Le beaujolais a une image franchouillarde qui hérisse certains. Le fait est qu’il demeure symbolique à l’étranger, du vin des bistrots populos et joyeux. C’est cette image qu’il véhicule depuis trente ans et que les Japonais cherchent à capter. Même si cette année, du fait de la crise, du coût du fret aérien et de l’Euro fort, la bouteille à Tokyo risque de tutoyer les 25 €. Du coup, les Nippons en boiront moins que les Américains de la côte Est qui peuvent profiter des prix bas du transport maritime. Cette relative réussite du beaujolais à l’étranger si souvent brocardée mérite d’être mentionnée à l’heure où bien des grands vins ont perdu en quelque mois tous leurs repères. C’est vrai en Bourgogne où le chablis a baissé de 50% en un an, et en bordelais, où outre-Atlantique, les grands crus ont perdu leur principal distributeur et affichent des cours en chute libre. Ne parlons pas du champagne qu’on pourra retrouver sur les linéaires à 12 voire à 10 €…
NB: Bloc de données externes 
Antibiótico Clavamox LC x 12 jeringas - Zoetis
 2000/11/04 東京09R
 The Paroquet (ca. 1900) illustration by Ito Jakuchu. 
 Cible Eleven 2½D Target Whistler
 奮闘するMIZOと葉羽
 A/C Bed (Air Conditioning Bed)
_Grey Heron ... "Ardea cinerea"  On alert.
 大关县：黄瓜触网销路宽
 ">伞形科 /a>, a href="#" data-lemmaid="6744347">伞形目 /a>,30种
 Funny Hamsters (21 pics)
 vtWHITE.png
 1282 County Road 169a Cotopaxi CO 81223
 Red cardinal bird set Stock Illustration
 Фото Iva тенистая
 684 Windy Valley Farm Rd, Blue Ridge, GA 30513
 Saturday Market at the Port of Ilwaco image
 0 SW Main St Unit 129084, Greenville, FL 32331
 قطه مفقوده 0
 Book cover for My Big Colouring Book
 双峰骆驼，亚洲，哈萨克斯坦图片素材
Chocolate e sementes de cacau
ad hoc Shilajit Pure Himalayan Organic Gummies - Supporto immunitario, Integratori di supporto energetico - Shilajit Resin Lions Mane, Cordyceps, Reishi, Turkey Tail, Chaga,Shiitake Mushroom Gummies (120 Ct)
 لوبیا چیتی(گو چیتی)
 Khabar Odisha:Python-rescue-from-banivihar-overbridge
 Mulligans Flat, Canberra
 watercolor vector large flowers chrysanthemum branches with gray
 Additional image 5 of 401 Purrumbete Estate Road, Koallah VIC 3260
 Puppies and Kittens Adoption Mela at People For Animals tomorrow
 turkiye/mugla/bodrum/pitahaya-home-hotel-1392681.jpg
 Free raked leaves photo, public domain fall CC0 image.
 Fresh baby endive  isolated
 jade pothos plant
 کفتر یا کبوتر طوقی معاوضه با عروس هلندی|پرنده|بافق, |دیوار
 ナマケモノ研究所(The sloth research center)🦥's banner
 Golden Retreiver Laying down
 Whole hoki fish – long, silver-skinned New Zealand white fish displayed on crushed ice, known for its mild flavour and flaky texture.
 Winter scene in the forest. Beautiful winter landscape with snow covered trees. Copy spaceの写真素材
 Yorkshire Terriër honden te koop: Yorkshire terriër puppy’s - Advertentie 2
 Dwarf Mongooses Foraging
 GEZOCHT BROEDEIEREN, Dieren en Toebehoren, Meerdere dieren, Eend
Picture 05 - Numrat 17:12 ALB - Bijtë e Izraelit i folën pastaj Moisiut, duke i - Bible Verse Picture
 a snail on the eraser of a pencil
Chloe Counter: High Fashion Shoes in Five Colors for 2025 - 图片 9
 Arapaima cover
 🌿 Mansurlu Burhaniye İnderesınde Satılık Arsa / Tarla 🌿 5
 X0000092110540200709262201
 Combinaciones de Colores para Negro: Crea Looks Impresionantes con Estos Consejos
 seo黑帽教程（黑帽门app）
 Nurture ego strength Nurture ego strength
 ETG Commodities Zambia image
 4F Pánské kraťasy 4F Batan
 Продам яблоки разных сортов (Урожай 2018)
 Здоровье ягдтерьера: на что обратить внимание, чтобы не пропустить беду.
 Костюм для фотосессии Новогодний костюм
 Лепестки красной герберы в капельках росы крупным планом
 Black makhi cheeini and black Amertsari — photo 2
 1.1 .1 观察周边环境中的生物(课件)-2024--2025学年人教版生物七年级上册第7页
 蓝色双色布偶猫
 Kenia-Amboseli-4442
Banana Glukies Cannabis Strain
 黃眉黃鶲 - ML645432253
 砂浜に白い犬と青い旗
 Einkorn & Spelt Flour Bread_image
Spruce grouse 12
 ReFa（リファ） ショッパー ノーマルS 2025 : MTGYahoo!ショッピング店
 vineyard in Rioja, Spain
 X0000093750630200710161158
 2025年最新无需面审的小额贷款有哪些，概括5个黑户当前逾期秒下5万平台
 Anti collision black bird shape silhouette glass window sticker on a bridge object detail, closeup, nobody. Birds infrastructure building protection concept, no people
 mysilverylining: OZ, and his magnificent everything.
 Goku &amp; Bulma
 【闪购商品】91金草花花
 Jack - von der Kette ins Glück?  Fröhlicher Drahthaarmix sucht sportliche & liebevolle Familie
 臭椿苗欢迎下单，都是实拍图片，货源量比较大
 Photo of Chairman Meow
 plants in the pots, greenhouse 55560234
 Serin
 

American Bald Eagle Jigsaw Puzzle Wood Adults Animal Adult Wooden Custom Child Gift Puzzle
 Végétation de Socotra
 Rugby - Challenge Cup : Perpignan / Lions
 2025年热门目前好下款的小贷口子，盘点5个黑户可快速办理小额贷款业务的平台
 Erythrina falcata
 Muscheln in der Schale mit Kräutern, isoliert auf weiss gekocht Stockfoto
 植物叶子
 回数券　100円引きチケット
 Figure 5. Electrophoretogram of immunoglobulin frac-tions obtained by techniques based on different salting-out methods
En revanche, à Paris beaucoup moins..
Pour les Vins Richard qui écouleront environ 100 000 bouteilles de beaujolais sur Paris, le « nouveau » continue de marquer le pas. «C’est dommage, surtout cette année qui donne un produit exceptionnel, de ne pas pouvoir en fournir plus. Mais quand on voit le manque d’entrain de nos clients face au beaujolais nouveau, on est toujours inquiet sur les volumes et l’on prend déjà un risque. Ce qui manque c’est une action de l’interprofession qui doit repenser ces journées-là et retravailler l’image du beaujolais nouveau un peu sur l’exemple des « apéro vintage » des bordeaux.» explique Corinne Richard, responsable des Vins Richard. A ses yeux, relancer le beaujolais nouveau implique de communiquer différemment et de changer l’image vieillotte et franchouillarde du beaujolais accordéon afin de toucher des cibles plus jeunes des 25/35 ans. De son côté, France Boissons, a pris son parti de la perte de près de 500 000 cols vendus en dix ans et a intégré le Beaujolais Nouveau dans une opération de com plus large baptisée le Défilé des Primeurs. Une même gamme incluant outre deux beaujolais, un côte du rhône, un gaillac, un mâcon, un muscadet et un touraine. De quoi fournir des thématiques d’événements aux bistrots et brasseries sans se limiter à un terroir.